• [TASK OBJECTIVE]:
Word for word, set down the records and skip each picture.

• [Scraped caption text data]:

--- START ---

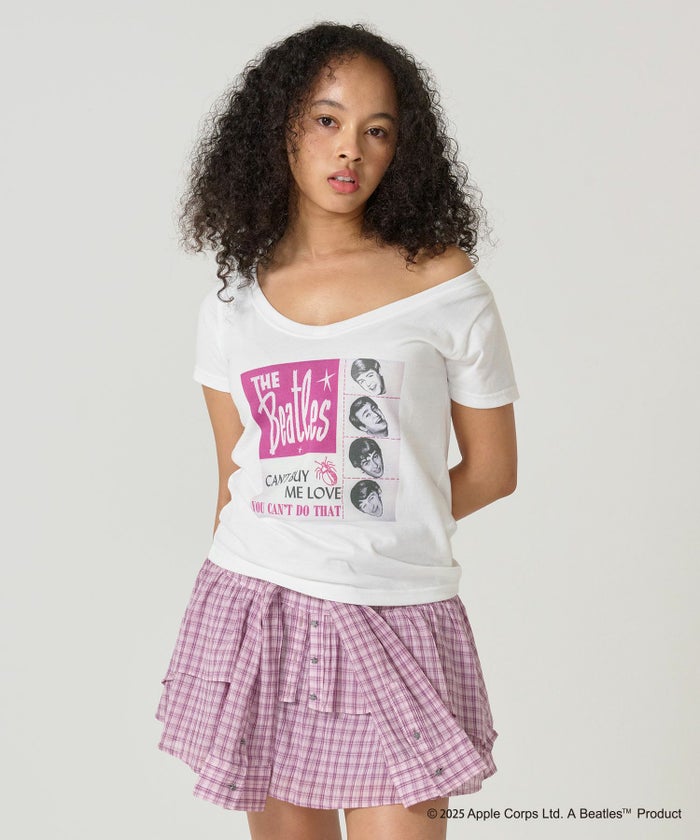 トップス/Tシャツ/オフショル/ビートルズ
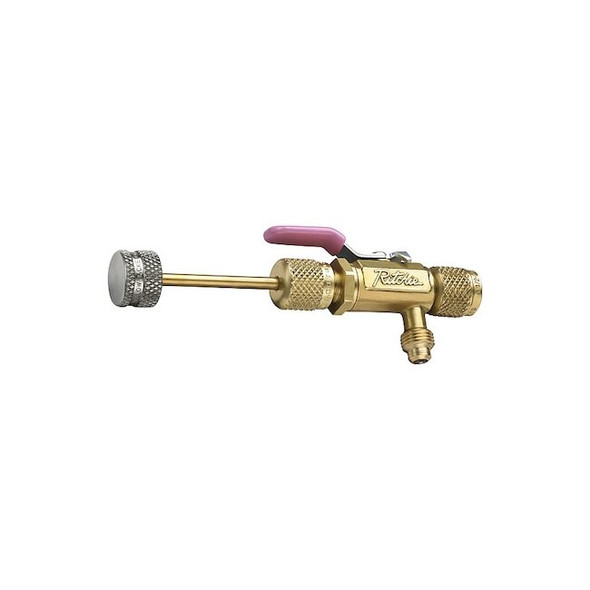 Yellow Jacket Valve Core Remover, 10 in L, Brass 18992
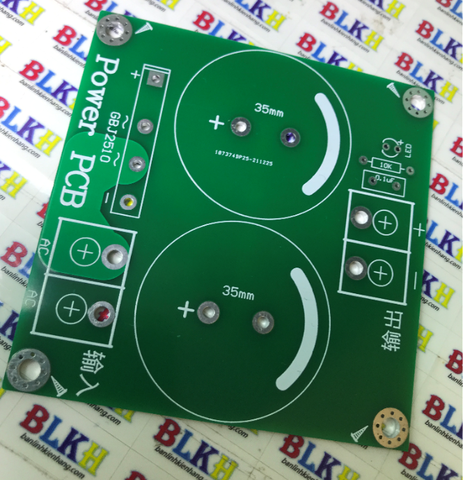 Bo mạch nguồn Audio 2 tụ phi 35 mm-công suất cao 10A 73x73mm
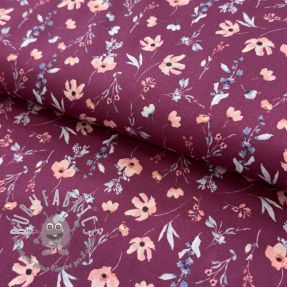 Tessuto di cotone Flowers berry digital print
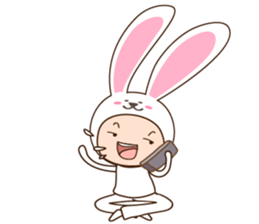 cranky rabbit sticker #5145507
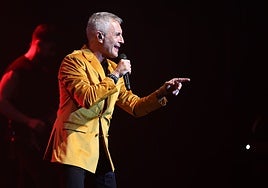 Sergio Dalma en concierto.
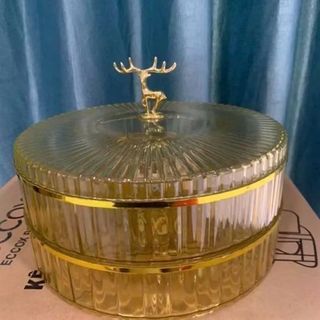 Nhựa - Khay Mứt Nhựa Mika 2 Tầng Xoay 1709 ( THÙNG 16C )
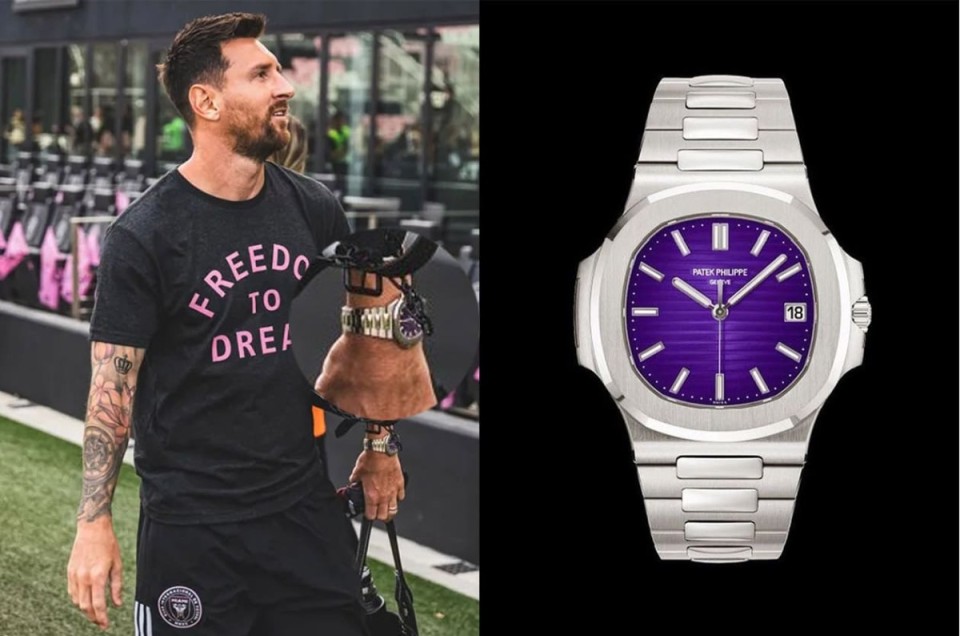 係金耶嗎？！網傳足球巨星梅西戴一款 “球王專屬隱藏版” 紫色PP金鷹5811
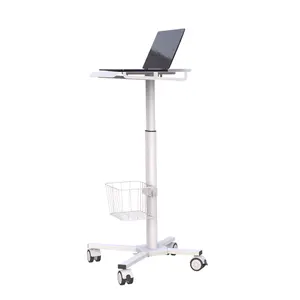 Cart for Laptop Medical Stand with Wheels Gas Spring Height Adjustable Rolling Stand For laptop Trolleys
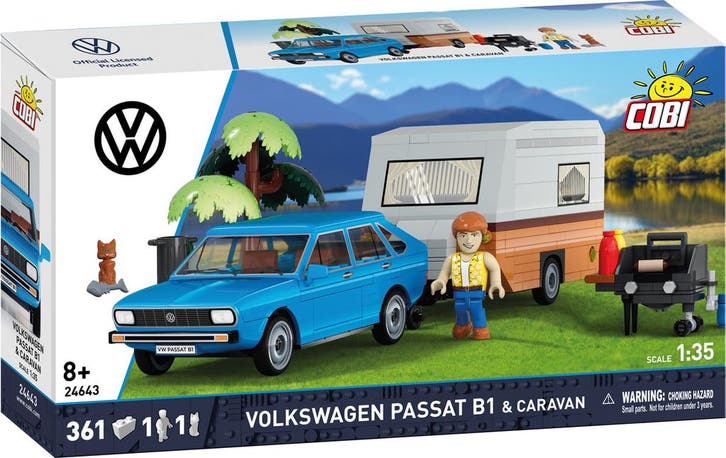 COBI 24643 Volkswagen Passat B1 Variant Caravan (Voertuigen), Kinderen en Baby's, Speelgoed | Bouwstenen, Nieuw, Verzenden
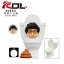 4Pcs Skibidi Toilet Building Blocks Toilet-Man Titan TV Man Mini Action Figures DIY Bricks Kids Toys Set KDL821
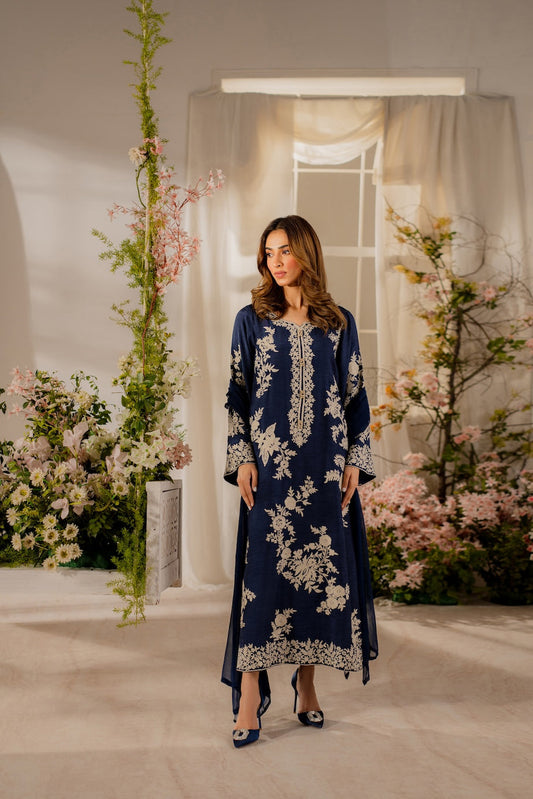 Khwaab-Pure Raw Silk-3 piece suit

--- END ---

• [SOLUTION TO THIS TASK]:
 トップス/Tシャツ/オフショル/ビートルズ
 Yellow Jacket Valve Core Remover, 10 in L, Brass 18992
 Bo mạch nguồn Audio 2 tụ phi 35 mm-công suất cao 10A 73x73mm
 Tessuto di cotone Flowers berry digital print
 cranky rabbit sticker #5145507
 Sergio Dalma en concierto.
 Nhựa - Khay Mứt Nhựa Mika 2 Tầng Xoay 1709 ( THÙNG 16C )
 係金耶嗎？！網傳足球巨星梅西戴一款 “球王專屬隱藏版” 紫色PP金鷹5811
 Cart for Laptop Medical Stand with Wheels Gas Spring Height Adjustable Rolling Stand For laptop Trolleys
 COBI 24643 Volkswagen Passat B1 Variant Caravan (Voertuigen), Kinderen en Baby's, Speelgoed | Bouwstenen, Nieuw, Verzenden
 4Pcs Skibidi Toilet Building Blocks Toilet-Man Titan TV Man Mini Action Figures DIY Bricks Kids Toys Set KDL821
 Khwaab-Pure Raw Silk-3 piece suit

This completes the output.